### What the task asks
Quote exactly the lines spanning from the top of the data below to the line that contains "百變星君，橡膠磁鐵●想怎么變就怎么變！", including both.
'''
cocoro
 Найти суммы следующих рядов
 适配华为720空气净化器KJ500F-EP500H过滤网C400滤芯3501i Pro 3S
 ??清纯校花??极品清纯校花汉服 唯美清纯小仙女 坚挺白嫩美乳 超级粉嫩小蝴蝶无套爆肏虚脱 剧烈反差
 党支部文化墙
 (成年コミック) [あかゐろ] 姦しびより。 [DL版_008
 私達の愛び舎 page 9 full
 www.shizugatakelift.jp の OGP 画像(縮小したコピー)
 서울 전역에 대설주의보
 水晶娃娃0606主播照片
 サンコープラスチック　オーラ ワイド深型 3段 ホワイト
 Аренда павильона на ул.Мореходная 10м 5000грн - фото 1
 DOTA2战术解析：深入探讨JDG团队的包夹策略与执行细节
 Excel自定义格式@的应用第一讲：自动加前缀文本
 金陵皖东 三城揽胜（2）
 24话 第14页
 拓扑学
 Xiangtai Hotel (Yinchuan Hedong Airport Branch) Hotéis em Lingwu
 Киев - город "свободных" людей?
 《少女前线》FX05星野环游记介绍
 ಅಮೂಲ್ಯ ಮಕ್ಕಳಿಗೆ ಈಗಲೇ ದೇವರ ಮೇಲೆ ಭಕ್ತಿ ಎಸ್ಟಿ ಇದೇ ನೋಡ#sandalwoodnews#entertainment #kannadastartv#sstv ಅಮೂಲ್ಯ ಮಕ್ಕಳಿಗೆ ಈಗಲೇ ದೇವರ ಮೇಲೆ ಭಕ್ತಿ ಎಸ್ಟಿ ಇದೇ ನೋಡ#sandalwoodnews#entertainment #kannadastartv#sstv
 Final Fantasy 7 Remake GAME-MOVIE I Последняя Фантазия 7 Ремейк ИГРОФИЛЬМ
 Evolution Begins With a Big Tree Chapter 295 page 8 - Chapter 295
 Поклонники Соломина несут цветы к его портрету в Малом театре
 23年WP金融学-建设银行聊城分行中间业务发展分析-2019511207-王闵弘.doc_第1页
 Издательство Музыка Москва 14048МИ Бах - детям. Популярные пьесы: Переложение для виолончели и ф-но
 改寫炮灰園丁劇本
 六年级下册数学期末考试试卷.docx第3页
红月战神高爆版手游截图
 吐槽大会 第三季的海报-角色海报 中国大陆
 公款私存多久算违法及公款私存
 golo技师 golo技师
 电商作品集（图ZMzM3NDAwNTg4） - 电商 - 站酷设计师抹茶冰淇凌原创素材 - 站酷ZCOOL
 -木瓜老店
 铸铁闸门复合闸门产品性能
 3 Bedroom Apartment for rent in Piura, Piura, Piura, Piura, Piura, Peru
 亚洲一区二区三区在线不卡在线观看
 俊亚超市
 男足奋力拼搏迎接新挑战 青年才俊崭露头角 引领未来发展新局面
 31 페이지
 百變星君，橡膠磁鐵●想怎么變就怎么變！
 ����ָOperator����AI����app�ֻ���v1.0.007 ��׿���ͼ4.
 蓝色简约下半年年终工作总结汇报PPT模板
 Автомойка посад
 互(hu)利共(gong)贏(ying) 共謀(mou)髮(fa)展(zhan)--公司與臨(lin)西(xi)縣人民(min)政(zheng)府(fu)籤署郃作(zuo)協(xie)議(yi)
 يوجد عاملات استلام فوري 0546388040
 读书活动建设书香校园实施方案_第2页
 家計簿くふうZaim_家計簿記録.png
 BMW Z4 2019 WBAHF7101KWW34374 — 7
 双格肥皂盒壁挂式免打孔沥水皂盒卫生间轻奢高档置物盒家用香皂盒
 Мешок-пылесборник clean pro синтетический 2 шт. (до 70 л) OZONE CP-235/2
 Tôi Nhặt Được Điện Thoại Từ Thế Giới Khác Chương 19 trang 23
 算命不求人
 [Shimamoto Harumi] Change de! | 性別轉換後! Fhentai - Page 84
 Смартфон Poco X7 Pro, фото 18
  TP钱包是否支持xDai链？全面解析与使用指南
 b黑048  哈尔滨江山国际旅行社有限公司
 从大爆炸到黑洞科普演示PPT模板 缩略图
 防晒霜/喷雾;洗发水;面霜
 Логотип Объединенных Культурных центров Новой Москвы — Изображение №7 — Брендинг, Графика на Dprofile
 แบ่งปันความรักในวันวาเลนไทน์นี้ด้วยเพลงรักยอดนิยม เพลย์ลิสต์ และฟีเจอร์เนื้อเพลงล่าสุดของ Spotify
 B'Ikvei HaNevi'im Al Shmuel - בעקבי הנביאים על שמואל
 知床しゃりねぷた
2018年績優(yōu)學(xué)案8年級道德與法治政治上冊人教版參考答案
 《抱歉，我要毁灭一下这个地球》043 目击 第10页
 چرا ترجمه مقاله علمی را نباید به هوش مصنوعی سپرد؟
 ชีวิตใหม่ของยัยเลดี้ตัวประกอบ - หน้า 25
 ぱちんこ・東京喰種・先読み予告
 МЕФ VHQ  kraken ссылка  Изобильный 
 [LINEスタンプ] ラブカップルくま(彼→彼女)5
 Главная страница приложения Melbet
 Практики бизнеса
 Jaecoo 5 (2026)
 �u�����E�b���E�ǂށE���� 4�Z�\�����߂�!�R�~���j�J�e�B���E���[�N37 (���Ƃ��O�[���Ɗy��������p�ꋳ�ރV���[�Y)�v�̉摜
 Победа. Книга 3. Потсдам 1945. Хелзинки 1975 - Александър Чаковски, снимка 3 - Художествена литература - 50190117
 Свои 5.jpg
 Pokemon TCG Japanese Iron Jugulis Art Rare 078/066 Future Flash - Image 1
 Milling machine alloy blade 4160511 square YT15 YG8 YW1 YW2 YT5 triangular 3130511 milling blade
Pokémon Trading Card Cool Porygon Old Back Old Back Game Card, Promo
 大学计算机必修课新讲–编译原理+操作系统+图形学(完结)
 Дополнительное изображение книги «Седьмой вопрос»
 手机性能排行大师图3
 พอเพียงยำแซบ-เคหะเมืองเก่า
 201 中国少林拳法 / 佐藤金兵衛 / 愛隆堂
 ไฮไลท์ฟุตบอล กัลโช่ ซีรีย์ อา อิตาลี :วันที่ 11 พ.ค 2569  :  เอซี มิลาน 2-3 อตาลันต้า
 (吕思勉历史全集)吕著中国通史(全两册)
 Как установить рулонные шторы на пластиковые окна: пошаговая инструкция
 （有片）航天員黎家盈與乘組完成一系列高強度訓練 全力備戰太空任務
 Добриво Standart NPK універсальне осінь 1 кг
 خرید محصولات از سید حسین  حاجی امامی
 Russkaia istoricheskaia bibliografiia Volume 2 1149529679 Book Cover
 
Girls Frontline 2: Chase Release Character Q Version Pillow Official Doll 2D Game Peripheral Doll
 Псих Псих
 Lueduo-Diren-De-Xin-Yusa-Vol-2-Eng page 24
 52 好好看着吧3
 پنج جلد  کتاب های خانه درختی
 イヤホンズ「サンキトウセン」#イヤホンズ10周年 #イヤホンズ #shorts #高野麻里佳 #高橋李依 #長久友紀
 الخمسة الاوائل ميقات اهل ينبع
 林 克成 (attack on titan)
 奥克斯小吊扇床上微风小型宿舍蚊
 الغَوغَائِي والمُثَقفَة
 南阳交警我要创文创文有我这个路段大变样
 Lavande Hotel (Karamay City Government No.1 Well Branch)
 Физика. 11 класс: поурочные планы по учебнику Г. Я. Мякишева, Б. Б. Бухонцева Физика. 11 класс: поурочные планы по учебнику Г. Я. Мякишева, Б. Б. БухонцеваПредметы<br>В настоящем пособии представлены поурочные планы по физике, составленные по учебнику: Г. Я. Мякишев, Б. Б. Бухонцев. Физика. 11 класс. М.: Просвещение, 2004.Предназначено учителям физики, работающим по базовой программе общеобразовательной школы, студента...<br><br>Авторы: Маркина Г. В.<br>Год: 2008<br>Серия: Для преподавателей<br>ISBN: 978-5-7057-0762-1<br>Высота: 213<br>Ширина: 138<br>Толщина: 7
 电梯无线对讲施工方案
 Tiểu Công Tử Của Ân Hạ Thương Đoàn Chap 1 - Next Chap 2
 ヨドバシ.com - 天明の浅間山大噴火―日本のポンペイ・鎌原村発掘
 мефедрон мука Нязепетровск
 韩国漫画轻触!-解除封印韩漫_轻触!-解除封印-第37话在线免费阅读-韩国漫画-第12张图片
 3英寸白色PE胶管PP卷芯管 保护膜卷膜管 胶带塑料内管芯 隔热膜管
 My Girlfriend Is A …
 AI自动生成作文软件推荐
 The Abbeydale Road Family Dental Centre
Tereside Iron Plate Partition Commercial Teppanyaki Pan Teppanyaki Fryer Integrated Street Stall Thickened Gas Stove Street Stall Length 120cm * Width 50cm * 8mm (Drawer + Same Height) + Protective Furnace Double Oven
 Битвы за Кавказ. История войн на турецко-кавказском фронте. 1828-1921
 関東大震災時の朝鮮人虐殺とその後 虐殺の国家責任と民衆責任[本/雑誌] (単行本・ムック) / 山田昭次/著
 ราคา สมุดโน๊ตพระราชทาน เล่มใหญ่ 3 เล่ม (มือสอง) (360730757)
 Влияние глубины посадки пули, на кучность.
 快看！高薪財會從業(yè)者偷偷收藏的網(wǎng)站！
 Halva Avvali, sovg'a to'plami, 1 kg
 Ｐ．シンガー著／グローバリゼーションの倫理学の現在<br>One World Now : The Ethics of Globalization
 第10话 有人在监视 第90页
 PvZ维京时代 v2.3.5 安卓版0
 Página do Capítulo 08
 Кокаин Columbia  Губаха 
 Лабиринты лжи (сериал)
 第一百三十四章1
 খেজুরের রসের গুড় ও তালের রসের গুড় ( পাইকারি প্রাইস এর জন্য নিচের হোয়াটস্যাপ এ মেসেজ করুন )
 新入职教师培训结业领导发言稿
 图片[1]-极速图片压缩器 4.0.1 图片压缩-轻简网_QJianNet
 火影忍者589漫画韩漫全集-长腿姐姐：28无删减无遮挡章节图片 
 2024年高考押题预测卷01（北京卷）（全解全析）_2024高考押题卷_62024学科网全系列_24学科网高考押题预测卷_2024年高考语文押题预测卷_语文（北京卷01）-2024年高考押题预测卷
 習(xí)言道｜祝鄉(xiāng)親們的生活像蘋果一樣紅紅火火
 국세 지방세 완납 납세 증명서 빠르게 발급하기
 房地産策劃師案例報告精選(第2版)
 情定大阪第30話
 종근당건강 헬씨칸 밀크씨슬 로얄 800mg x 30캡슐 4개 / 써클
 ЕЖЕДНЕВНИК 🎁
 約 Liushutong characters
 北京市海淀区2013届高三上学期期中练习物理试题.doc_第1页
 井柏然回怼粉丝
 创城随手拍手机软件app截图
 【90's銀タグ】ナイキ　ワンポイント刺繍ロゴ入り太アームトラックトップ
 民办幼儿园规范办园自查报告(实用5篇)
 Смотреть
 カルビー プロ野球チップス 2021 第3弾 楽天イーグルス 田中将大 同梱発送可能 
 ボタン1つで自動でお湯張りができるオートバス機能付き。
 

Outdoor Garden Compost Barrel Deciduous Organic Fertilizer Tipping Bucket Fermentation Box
'''
### Task solution
cocoro
 Найти суммы следующих рядов
 适配华为720空气净化器KJ500F-EP500H过滤网C400滤芯3501i Pro 3S
 ??清纯校花??极品清纯校花汉服 唯美清纯小仙女 坚挺白嫩美乳 超级粉嫩小蝴蝶无套爆肏虚脱 剧烈反差
 党支部文化墙
 (成年コミック) [あかゐろ] 姦しびより。 [DL版_008
 私達の愛び舎 page 9 full
 www.shizugatakelift.jp の OGP 画像(縮小したコピー)
 서울 전역에 대설주의보
 水晶娃娃0606主播照片
 サンコープラスチック　オーラ ワイド深型 3段 ホワイト
 Аренда павильона на ул.Мореходная 10м 5000грн - фото 1
 DOTA2战术解析：深入探讨JDG团队的包夹策略与执行细节
 Excel自定义格式@的应用第一讲：自动加前缀文本
 金陵皖东 三城揽胜（2）
 24话 第14页
 拓扑学
 Xiangtai Hotel (Yinchuan Hedong Airport Branch) Hotéis em Lingwu
 Киев - город "свободных" людей?
 《少女前线》FX05星野环游记介绍
 ಅಮೂಲ್ಯ ಮಕ್ಕಳಿಗೆ ಈಗಲೇ ದೇವರ ಮೇಲೆ ಭಕ್ತಿ ಎಸ್ಟಿ ಇದೇ ನೋಡ#sandalwoodnews#entertainment #kannadastartv#sstv ಅಮೂಲ್ಯ ಮಕ್ಕಳಿಗೆ ಈಗಲೇ ದೇವರ ಮೇಲೆ ಭಕ್ತಿ ಎಸ್ಟಿ ಇದೇ ನೋಡ#sandalwoodnews#entertainment #kannadastartv#sstv
 Final Fantasy 7 Remake GAME-MOVIE I Последняя Фантазия 7 Ремейк ИГРОФИЛЬМ
 Evolution Begins With a Big Tree Chapter 295 page 8 - Chapter 295
 Поклонники Соломина несут цветы к его портрету в Малом театре
 23年WP金融学-建设银行聊城分行中间业务发展分析-2019511207-王闵弘.doc_第1页
 Издательство Музыка Москва 14048МИ Бах - детям. Популярные пьесы: Переложение для виолончели и ф-но
 改寫炮灰園丁劇本
 六年级下册数学期末考试试卷.docx第3页
红月战神高爆版手游截图
 吐槽大会 第三季的海报-角色海报 中国大陆
 公款私存多久算违法及公款私存
 golo技师 golo技师
 电商作品集（图ZMzM3NDAwNTg4） - 电商 - 站酷设计师抹茶冰淇凌原创素材 - 站酷ZCOOL
 -木瓜老店
 铸铁闸门复合闸门产品性能
 3 Bedroom Apartment for rent in Piura, Piura, Piura, Piura, Piura, Peru
 亚洲一区二区三区在线不卡在线观看
 俊亚超市
 男足奋力拼搏迎接新挑战 青年才俊崭露头角 引领未来发展新局面
 31 페이지
 百變星君，橡膠磁鐵●想怎么變就怎么變！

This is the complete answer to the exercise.